In an interview with Virtue Online, Linsley said the ECUSA’s 2003 consecration of Eugene Robinson as the first openly homosexual bishop began to raise grave doubts in her mind as to the overall direction of her denomination. Linsley resigned as rector of St. Andrews Episcopal Church in Lexington, Ky. the Sunday after Robinson’s ordination.


From there, her close study of Scripture led her to see that texts which seemed to limit the office of bishop or elder to males are not “culturally bound” as she had been taught two decades ago during ordination.


“Throughout my 18 years as a priest in the Episcopal Church USA I have had nagging and periodic doubts about women and the priesthood,” she said. “I never felt free to discuss my doubts openly because dialogue in ECUSA on questions of gender and catholic orders has been difficult and unfruitful.


“I began to reconsider the question of gender and the Episcopal Church’s claim to have ‘catholic orders’ after the consecration of V. Gene Robinson, the first partnered homosexual to become bishop in the United States.


“It was apparent that ECUSA is not catholic because it has departed from the most fundamental principles of the historic catholic faith. Of the 3 churches that stand in the catholic tradition: Roman Catholicism, Orthodoxy and Anglicanism, only the Episcopal Church USA ordains women and homosexuals to the priesthood.”


Linsley said the issue regarding gender roles and the priesthood came down to God’s design for men and women in the church as revealed in Scripture and not whether or not a woman had the ability to skillfully carry out the office.

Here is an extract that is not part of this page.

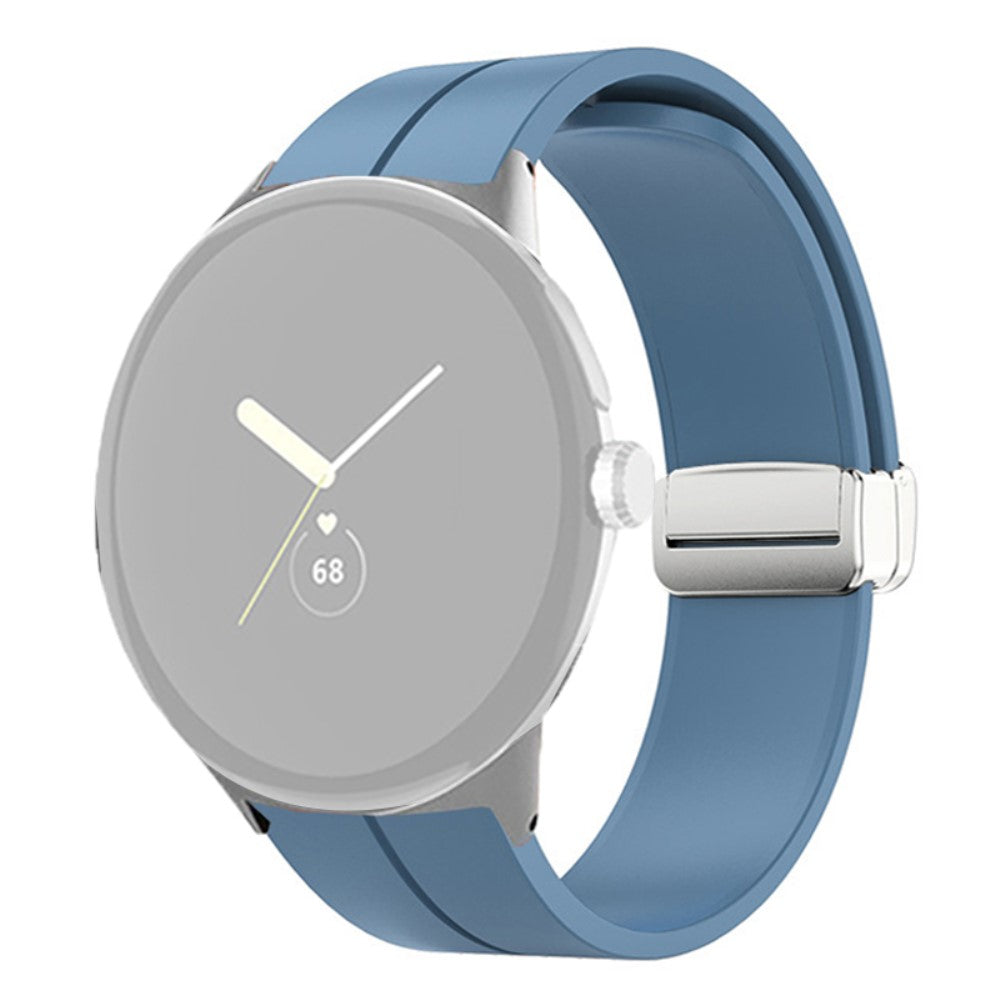 Rigtigt nydelig Google Pixel Watch Silikone Rem - Blå#serie_24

“So the issue for me is not the ability of women, but rather God’s design for the sexes and how, as a faithful Christian, I am to understand that design and its boundaries,” she said.


Linsley said a closer, more careful study of the first book of the Bible led her to rethink Paul’s teaching on gender distinctions. She began to realize that Paul, in his writing on gender roles, was merely articulating the permanent gender distinctions found in the Hebrew Scriptures in general and the book of Genesis in particular.


Linsley said her own embrace of female ministers arose out of the failure of men to lead in her own family and congregation. She sees much irony in the views of evangelicals who give lip service to the authority of Scripture but undermine it by allowing culture to interpret the Bible.


Not only has Linsley rejected the ordination of women, but she also sees the ECUSA’s embrace of homosexuality as sinful and outside the pale of historic Christianity.


“…Today, after 25 years of research on Genesis, I have come to a different conclusion. Paul’s thoughts on gender are formed by his biblical Tradition. He recognized that the Hebrew Scriptures teach a permanent binary distinction between men and women. This binary distinction is fixed by God as much as the distinctions of east and west, night and day, and hot and cold.


“When we ignore the binary distinctions established by the Creator for our benefit, there is disorder in our thoughts and actions, and humans become lost. This suggests strongly that Paul’s teaching on gender was not merely to address a social problem limited to that time and place.


“Paul wanted gender roles in the Church to reflect God’s order in creation as a way of honoring the Sovereign Creator. After all, does mankind have the power to change night to day, or east to west? Choosing to have sexual relations with a same sex partner is defiance of God’s sovereign order of creation. It is not a new thing. It is as old as the first rebellion.”